Mazhab hanafiyah mempunyai pandangan tersendiri mengenai syarat sigad atau akad yaitu agar akad tidak terikat dengan syarat tertentu dan tidak tergantung pada suatu kejadian di masa mendatang. Akad yang terikat oleh suatu syarat, misalnya penerima mau melaksanakan akad dengan syarat pemberi jaminan mau membeli barang tertentu miliknya. Sementara akad yang digantungkan pada kejadian mendatang contohnya adalah rahn berlangsung selama tidak turun hujan, maka ketika terjadi hujan atau turun hujan maka akad tidak jadi. Apabila terjadi persyaratan dan penggantungan akad dengan suatu yang lain di luar akad maka akan membuat akad menjadi rusak.

 

Dalam hutang juga memiliki syarat-syarat yang terkait di dalamnya yaitu sebagai berikut:

1.  Hutang merupakan hak yang harus di bayar.

2.  Jumlah hutang dapat tertutupi dengan nilai barang yang digadaikan atau jumlah hutang tidak boleh melebihi dari nilai barang yang dijadikan sebagai jaminan.

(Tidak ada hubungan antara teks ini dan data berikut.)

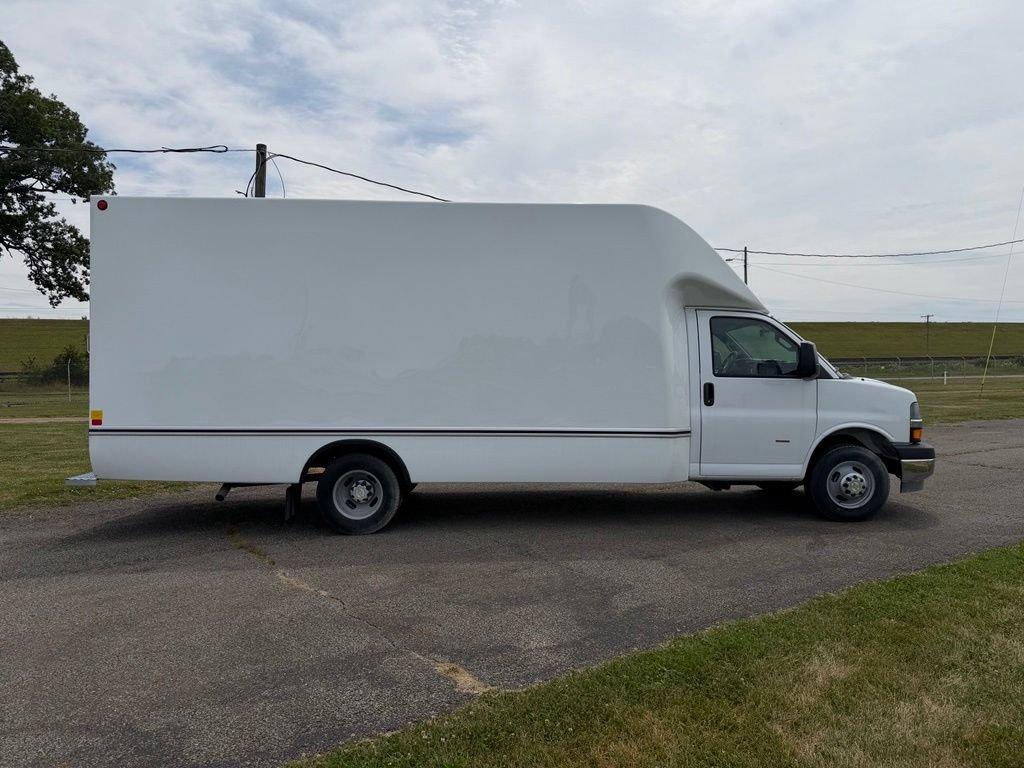 New 2026 Chevrolet Express 3500 w/ Power Convenience Package RWD image 2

3.  Hak hutang harus jelas.

Sedangkan pandangan oleh mazhab Syafi’iyah dan Hanbaliyah, syarat yang terkait pada hutang adalah sebagai berikut:

1.  Hutang merupakan hutang yang tetap dan wajib dibayar oleh Rahin.

2.  Hutang harus mengikat kedua belah pihak.

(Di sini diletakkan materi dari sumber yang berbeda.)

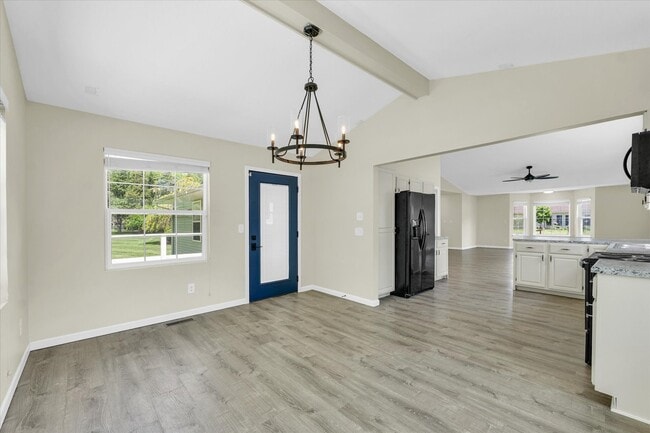 Building Photo - 405 Ridge Rd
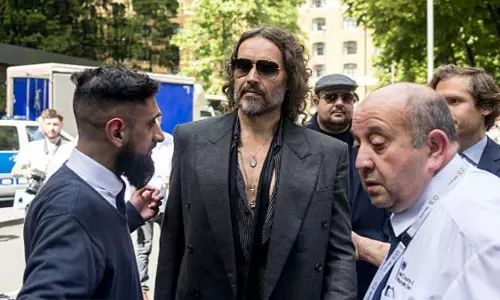 Russell Brand ब्रिटेन की अदालत में पेश हुए, बलात्कार और यौन उत्पीड़न के आरोपों में खुद को निर्दोष बताया
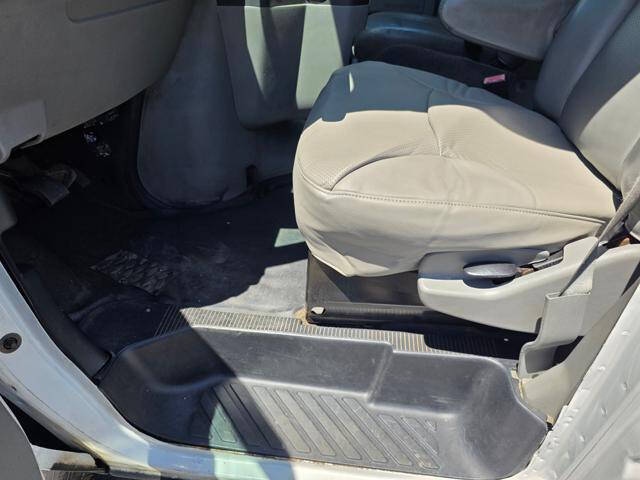2012 Ford E-Series E-150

3.  Jumlah, ukuran dan sifat hutang harus jelas di antara para pihak yang berakad.

 

Syarat yang berkaitan dengan agunan atau barang yang menjadi jaminan hutang adalah sama dengan syarat barang yang menjadi obyek jual beli pada umumnya transaksi dalam jual beli. Hal tersebut dikarenakan bahwa barang yang dijadikan jaminan dimungkinkan akan di jual oleh penerima jaminan (murtahin) ketika orang yang menggadaikan tidak mempu membayar hutangnya. Syarat-syarat tersebut adalah:

1.  Barang yang digadaikan benar-benar ada dan nyata. Jika barang tersebut belum atau tidak ada maka transaksi rahn tidak sah, begitu juga barang yang belum pasti adanya, seperti binatang yang masih di dalam kandungan induknya.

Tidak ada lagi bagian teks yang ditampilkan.